Making abstract strategies real, relevant and memorable.
PREDICTING
Predicting occurs when students make suggestions about what the author will discuss in the text. In order to do this successfully, students must activate the relevant background knowledge that they already have on the topic. This also generates a further purpose for reading: to confirm or disprove their predictions.
The opportunity is also created for students to make use of text structures such as, titles, headings, subheadings and questions embedded in the text as useful means of predicting what might occur next.

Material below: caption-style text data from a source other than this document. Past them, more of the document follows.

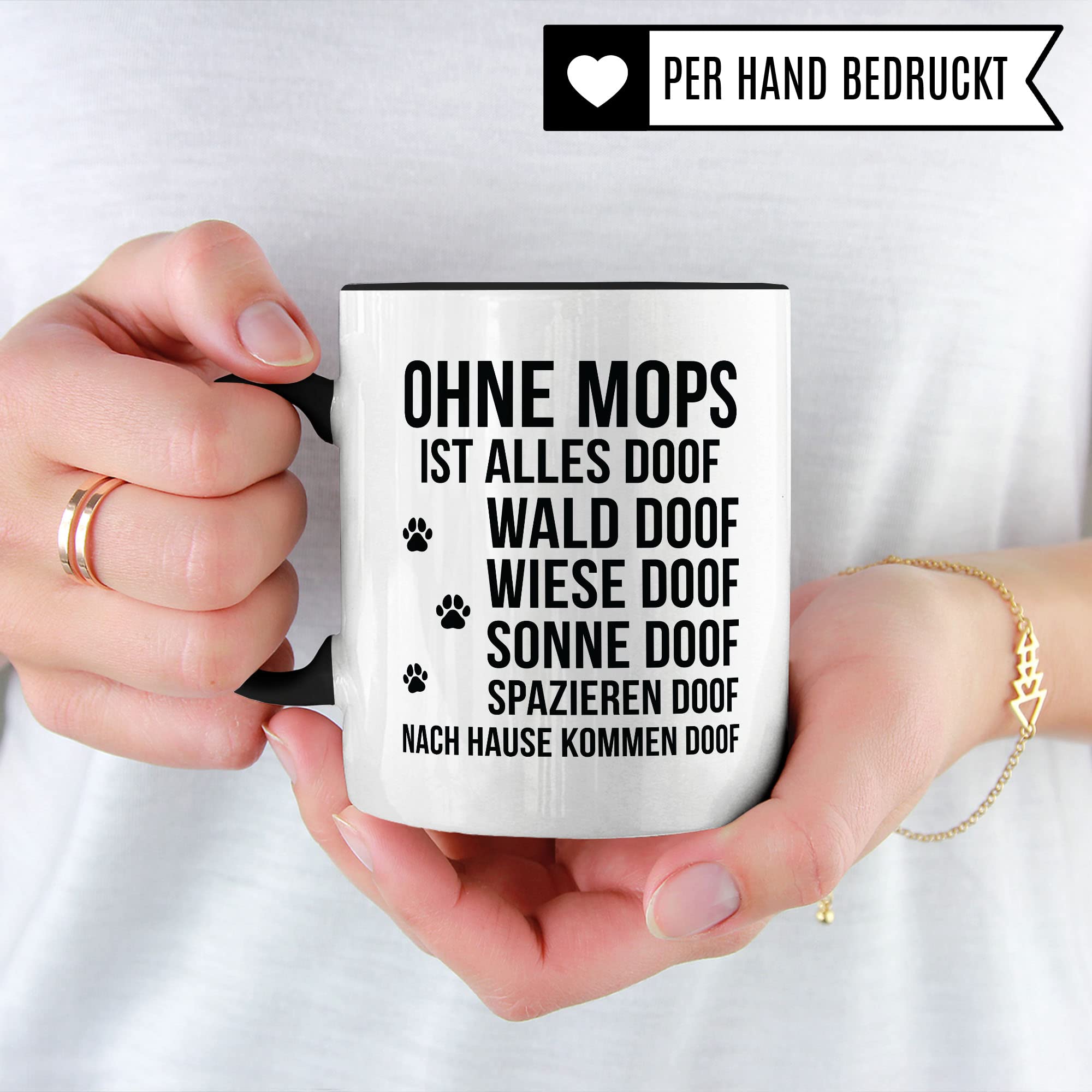 Mops Tasse Geschenkidee Hund Kaffeetasse Humor Witz Geschenk für Hundebesitzer Kaffeebecher Herrchen Frauchen Becher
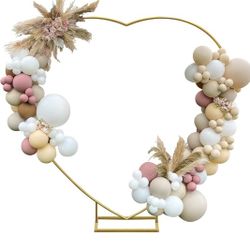Heart Shape Wedding Arches for Ceremony,6.7ft Gold Arch Backdrop Stand,Metal Heart Shape Balloon Arch Frame with Base for Wedding Birthday Party Decor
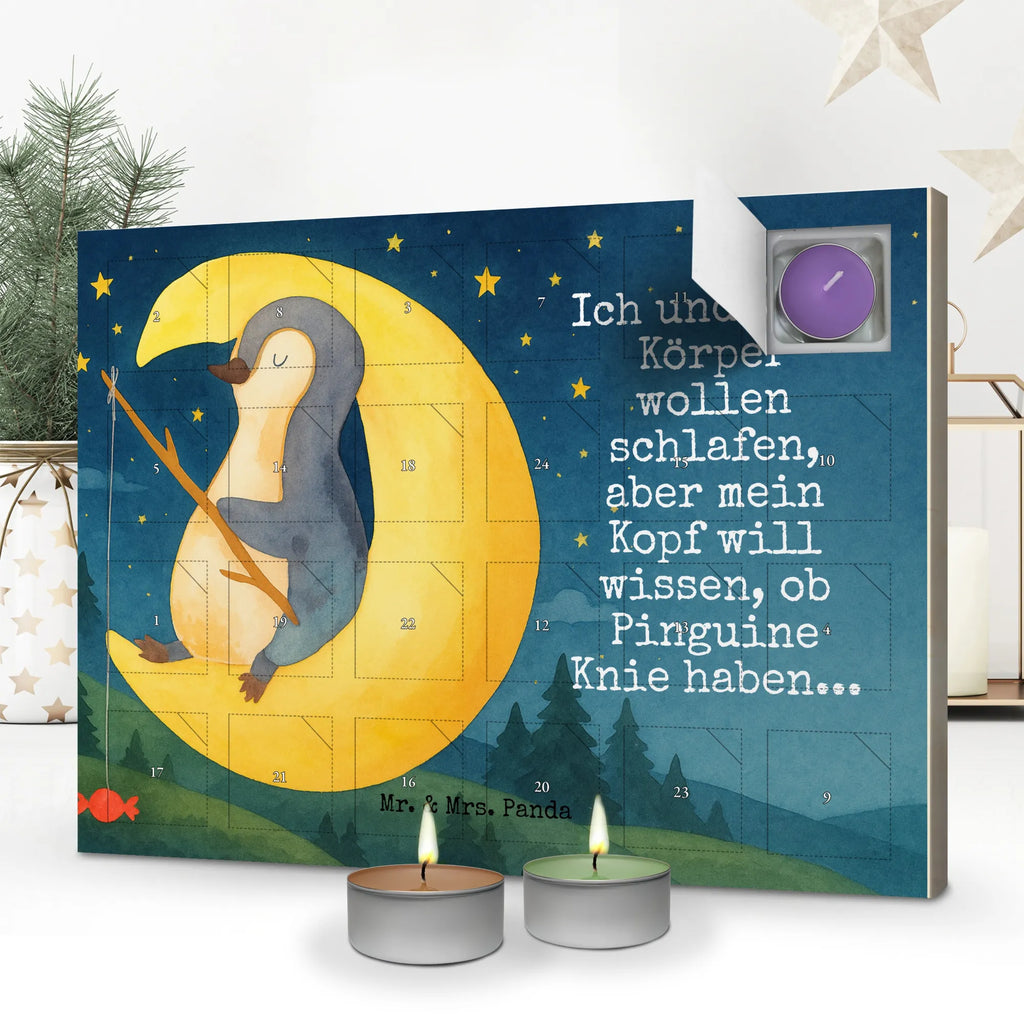 Scented candle advent calendar Penguin moon Design Penguin, North Pole, Winter, Penguins, guest room, sleep, penguins, falling asleep, saying, insomnia, night's rest, bedroom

The following image are prompts to use while reading.
CLARIFYING
Clarifying is a strategy that is particularly important to aid comprehension. Clarifying draws attention to the fact that there may be a reason why a text is difficult to understand such as; new vocabulary, technical language, unclear reference, unfamiliar context or difficult concepts. Discussion is vital under these circumstances.
QUESTIONING
Question generating takes the learner one step along in the comprehension process. When students generate questions they identify the kind of information that is significant enough to provide the substance for a question. They are also self-checking their own comprehension and problem solving to resolve comprehension issues. There are different question types that the children are exposed to from literal to inferential.
SUMMARISING
Summarising provides the opportunity to identify the most important information of the text. Text can be summarised across sentences, paragraphs, and across the page or the text as a whole. Summarising involves integrating this information into your own words without including your opinion.
These skills require rich discussion and verbalisation of how the strategies work, along with no pressure practise in order for mastery to develop over time. These skills are tools that will be used over a life-time of reading.